Aujourd’hui, je suis citoyen du monde, et je pense que ce titre est plus grand que celui que peut conférer la plus orgueilleuse des nations ; d’ailleurs je l’ai choisi, il ne m’a pas été donné par le hasard de la naissance. Je suis exilé, c’est-à-dire libre ; on ne peut l’être aujourd’hui qu’en dehors de la société, de la nation et de la famille courbées sous de honteuses servitudes. Que m’importent les armées, les étendards, les gouvernements et la police ! Je saute les frontières comme le contrebandier. Je n’ai pas de maison, pas de terres pour lesquelles il me faille payer l’impôt. Loin de moi les rois montent gravement sur les trônes et en descendent comme des filous honteux ; et je me ris de cette fantasmagorie.
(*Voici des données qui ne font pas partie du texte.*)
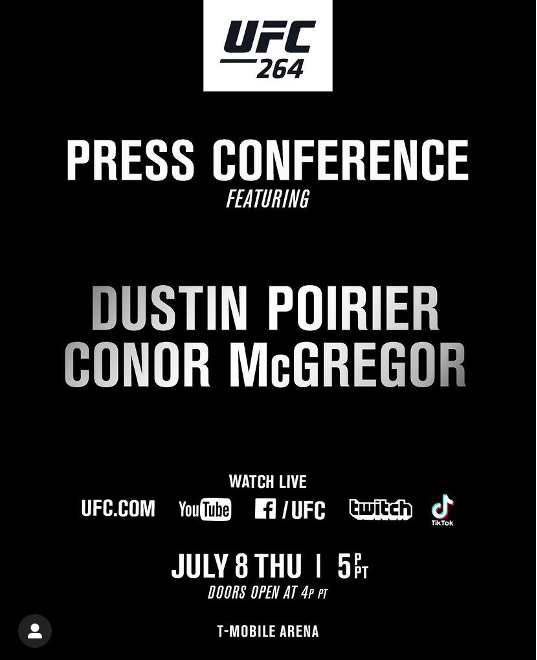 Jadwal UFC 264 Dustin Poirier vs Conor McGregor ‘Trilogy’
Je fuis les églises comme les portes de l’enfer. Les codes ne sont pas faits pour moi ; je suis hors la loi, j’aime mieux cela que d’être protégé par elle. Je suis vagabond ; et le premier, je m’en fais gloire. Ni roi ni sujet : le fort est plus fort seul.


Il y a, par tous pays, des gens qu’on repousse du pied, qu’on chasse, qu’on tue et qu’on grille sans que la voix de la pitié s’élève en leur faveur : Ce sont les Juifs. — Je suis Juif.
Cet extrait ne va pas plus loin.